[INSTRUCTIONS FOR THE TASK]: From the records below, extract only the lines running from the line with "Property photo for" to the line with "345 Jarvis Ave, Holyoke, MA 01040 - photo 1", both lines included, reproducing them exactly.

[THE DATA]:
╭──

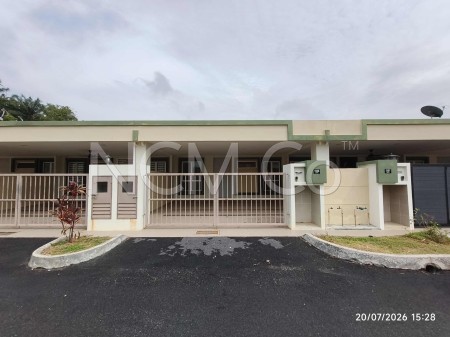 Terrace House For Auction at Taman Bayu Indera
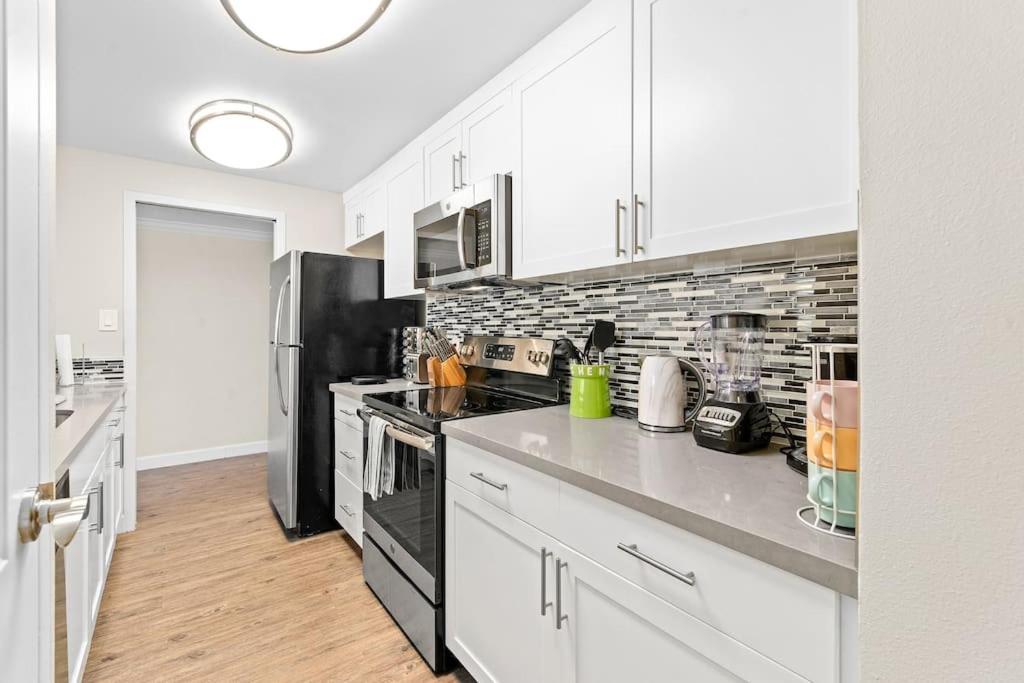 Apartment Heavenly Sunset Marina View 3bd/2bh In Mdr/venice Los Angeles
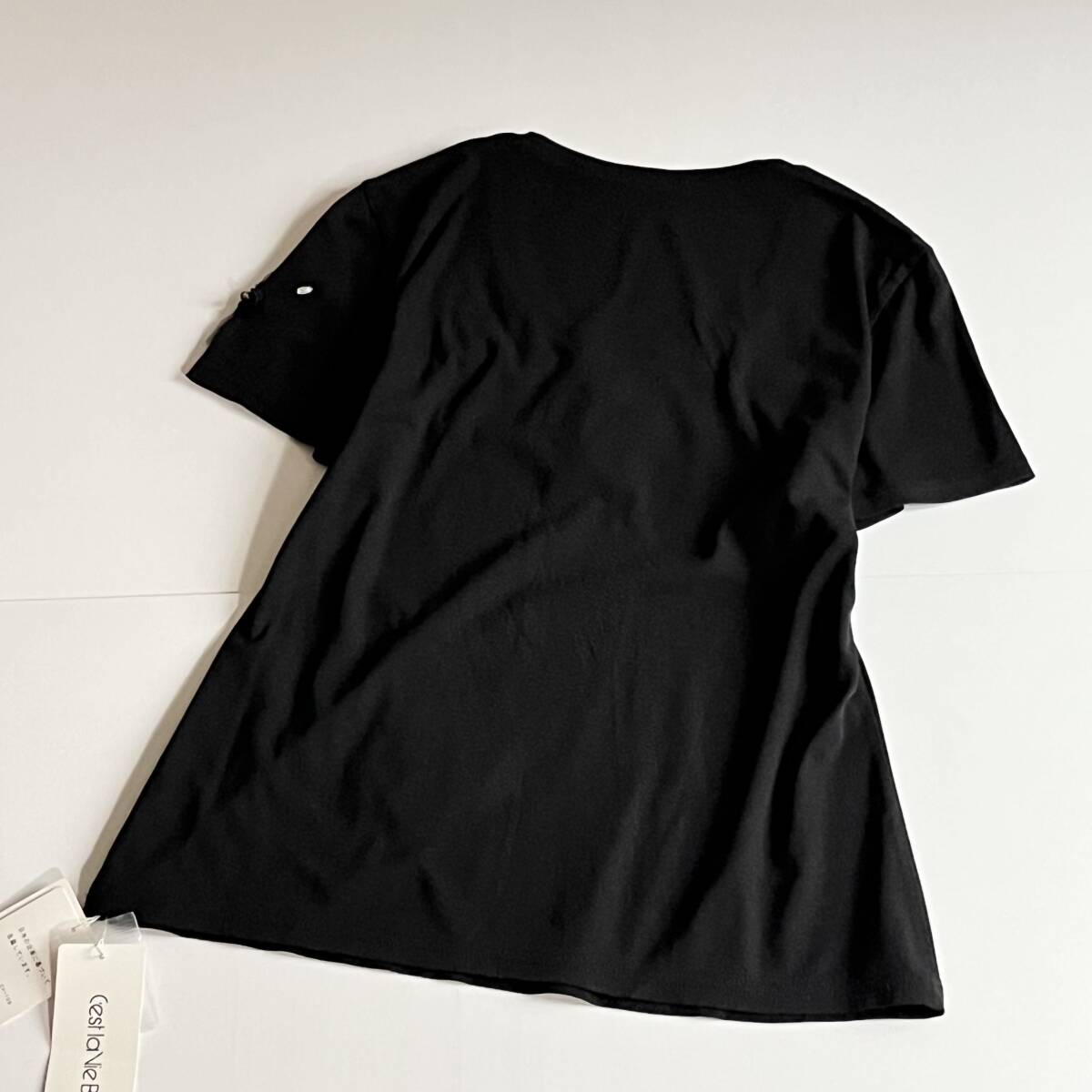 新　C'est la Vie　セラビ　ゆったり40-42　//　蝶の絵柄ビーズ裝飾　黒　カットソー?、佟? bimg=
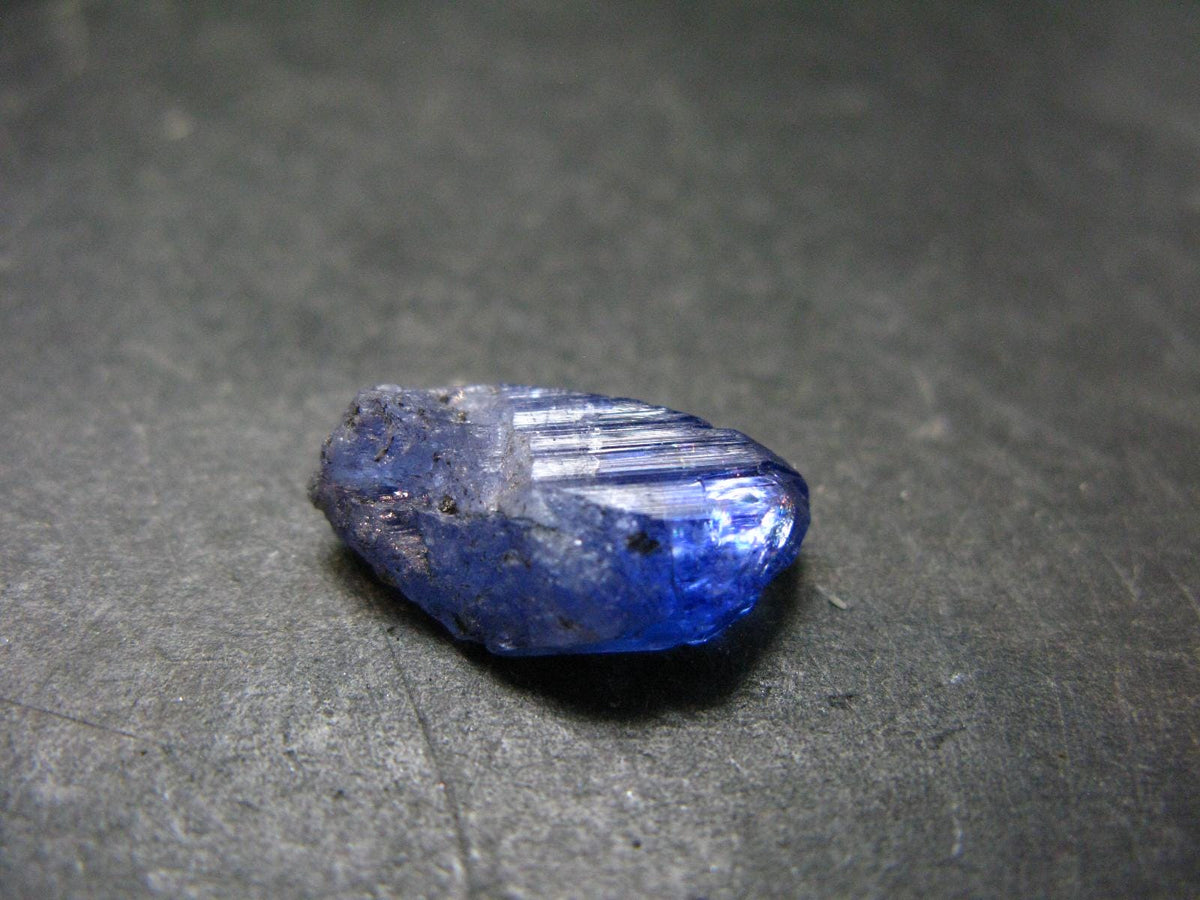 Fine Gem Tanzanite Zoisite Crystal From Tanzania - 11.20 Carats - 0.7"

╰──
╭──

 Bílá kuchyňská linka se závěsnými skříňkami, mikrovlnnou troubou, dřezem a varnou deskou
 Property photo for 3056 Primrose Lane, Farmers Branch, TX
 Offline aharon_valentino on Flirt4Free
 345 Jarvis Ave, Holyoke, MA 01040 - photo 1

╰──

[RESULT FOR THIS TASK]:
 Property photo for 3056 Primrose Lane, Farmers Branch, TX
 Offline aharon_valentino on Flirt4Free
 345 Jarvis Ave, Holyoke, MA 01040 - photo 1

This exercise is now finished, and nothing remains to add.